__TASK PROMPT__: In the listing below, find the line that contains "Menara Pandang Tele" and the line that contains "dsc-1757-55181296191-l". Quote both and every line between them, exactly, and nothing more.

__SUPPLIED ENTRIES__:
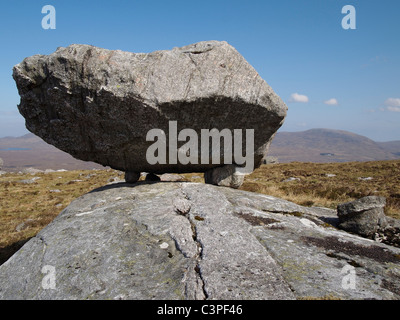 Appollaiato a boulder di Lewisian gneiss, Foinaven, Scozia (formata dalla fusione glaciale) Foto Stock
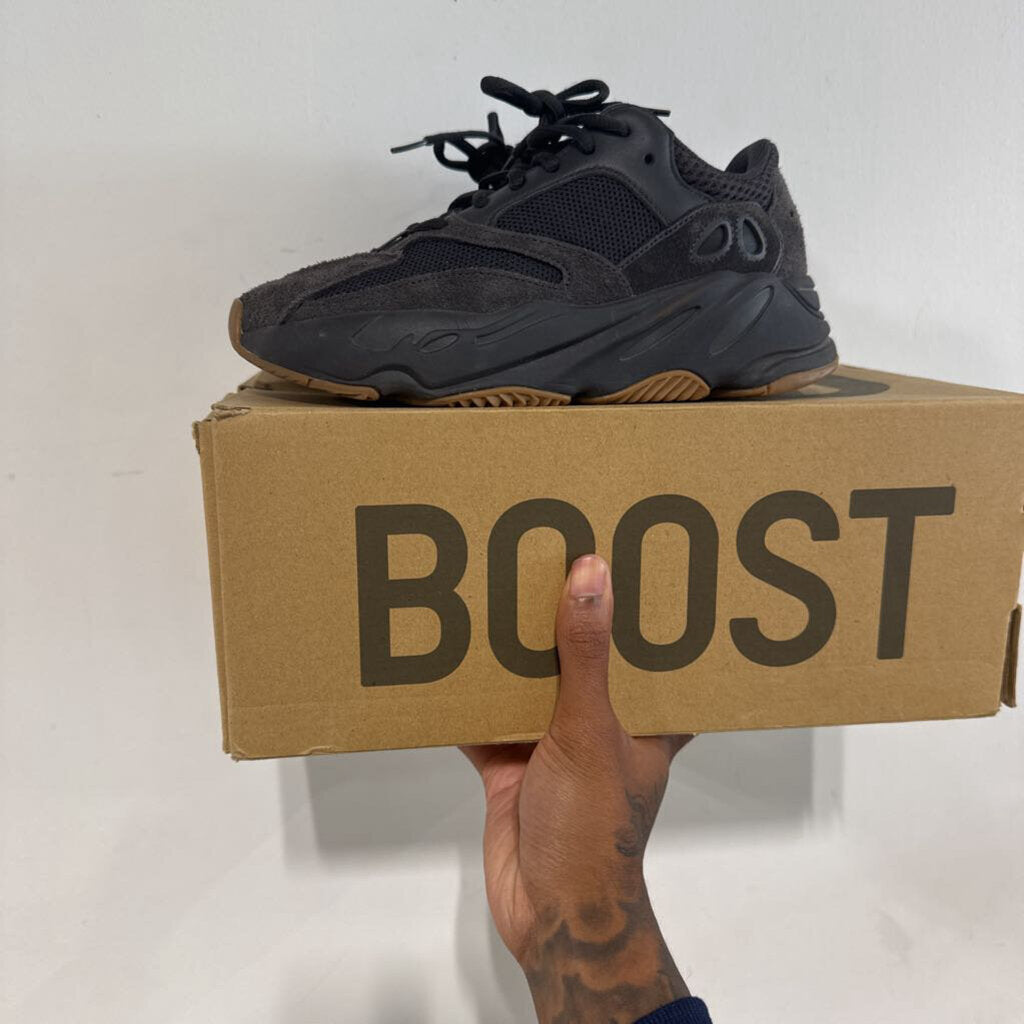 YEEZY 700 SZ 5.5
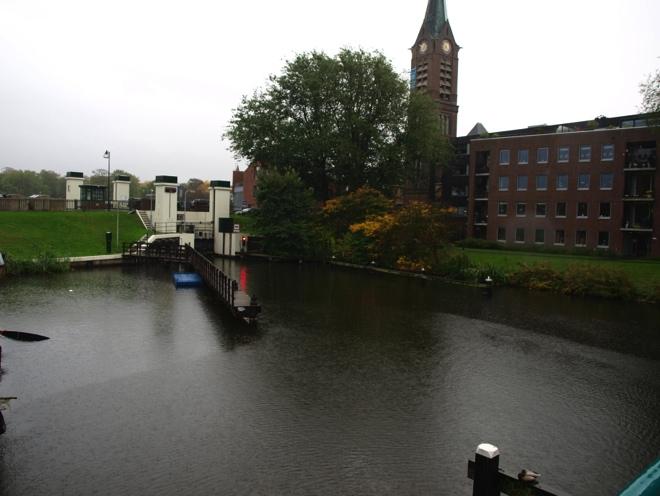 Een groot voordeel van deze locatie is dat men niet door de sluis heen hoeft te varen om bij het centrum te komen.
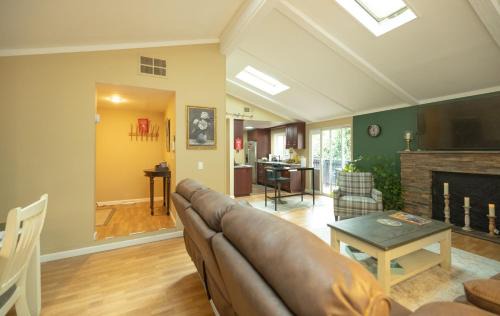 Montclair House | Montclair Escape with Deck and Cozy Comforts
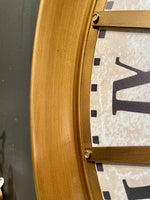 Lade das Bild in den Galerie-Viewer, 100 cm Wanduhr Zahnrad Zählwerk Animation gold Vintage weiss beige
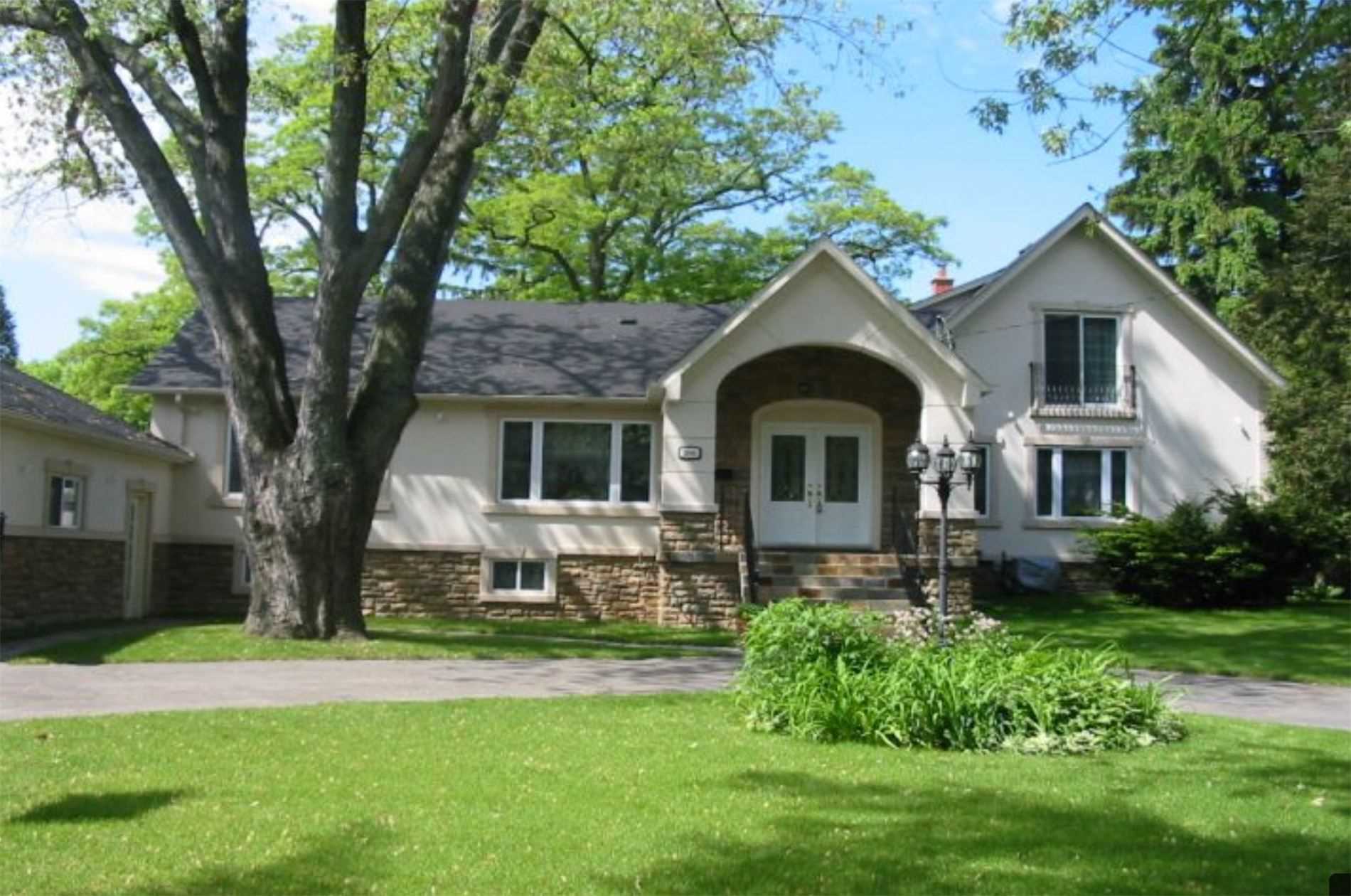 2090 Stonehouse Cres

* * *

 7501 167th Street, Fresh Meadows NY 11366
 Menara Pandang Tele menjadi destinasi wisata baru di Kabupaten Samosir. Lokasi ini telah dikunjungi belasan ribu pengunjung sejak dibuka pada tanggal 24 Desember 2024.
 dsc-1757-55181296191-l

---

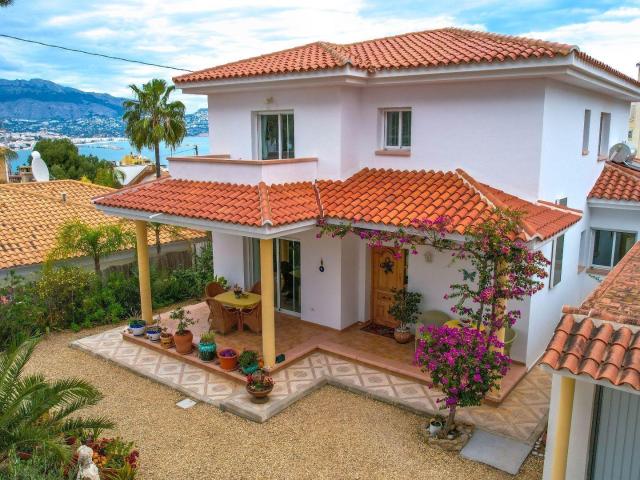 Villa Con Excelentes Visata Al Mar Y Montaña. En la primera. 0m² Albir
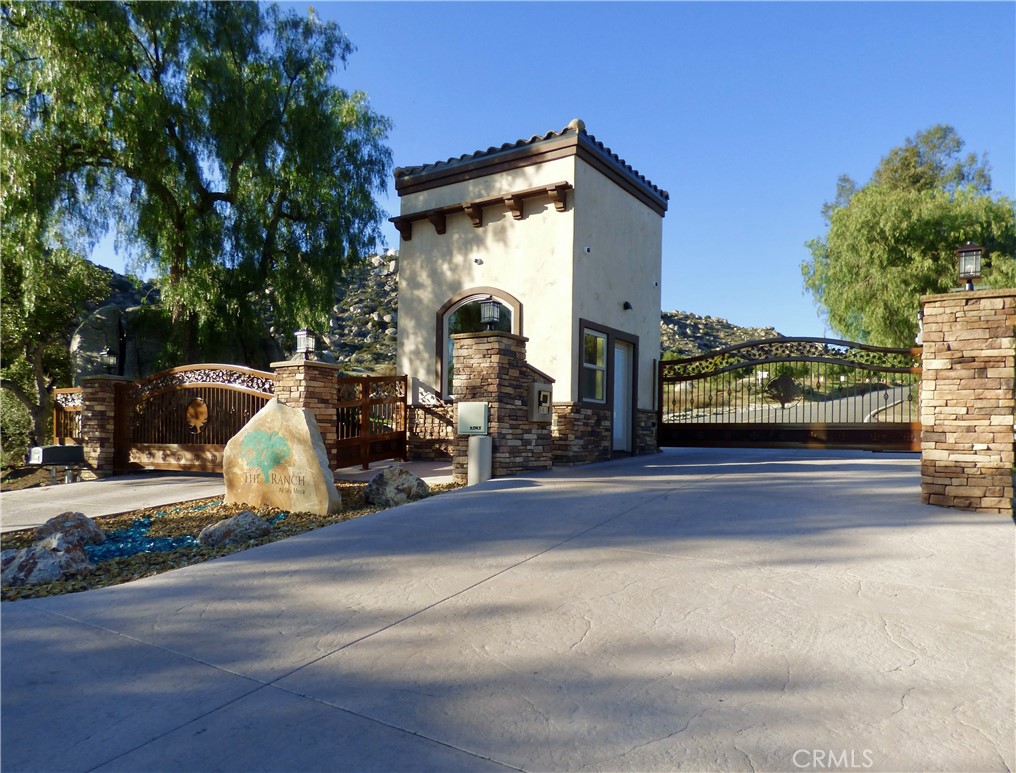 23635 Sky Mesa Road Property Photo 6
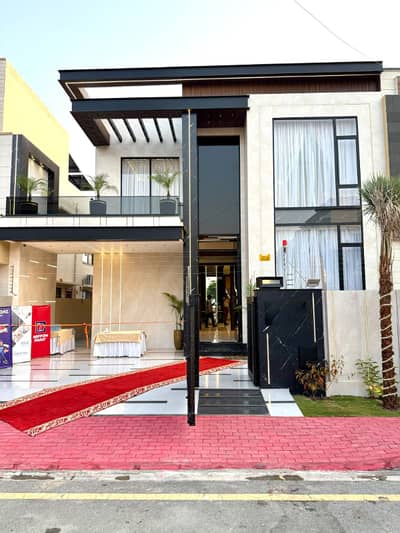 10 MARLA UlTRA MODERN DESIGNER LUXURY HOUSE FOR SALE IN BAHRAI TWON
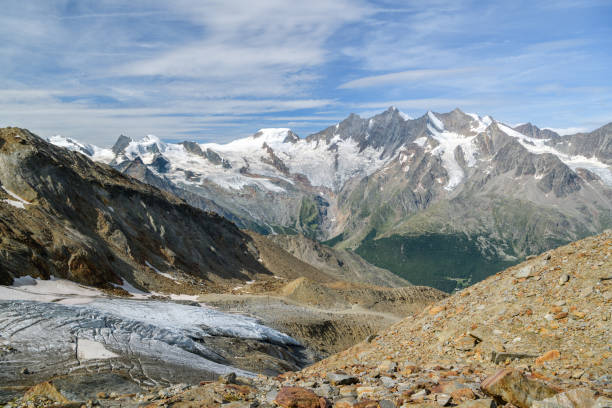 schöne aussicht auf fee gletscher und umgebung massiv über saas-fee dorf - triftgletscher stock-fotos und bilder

__COMPLETED EXERCISE__:
 Menara Pandang Tele menjadi destinasi wisata baru di Kabupaten Samosir. Lokasi ini telah dikunjungi belasan ribu pengunjung sejak dibuka pada tanggal 24 Desember 2024.
 dsc-1757-55181296191-l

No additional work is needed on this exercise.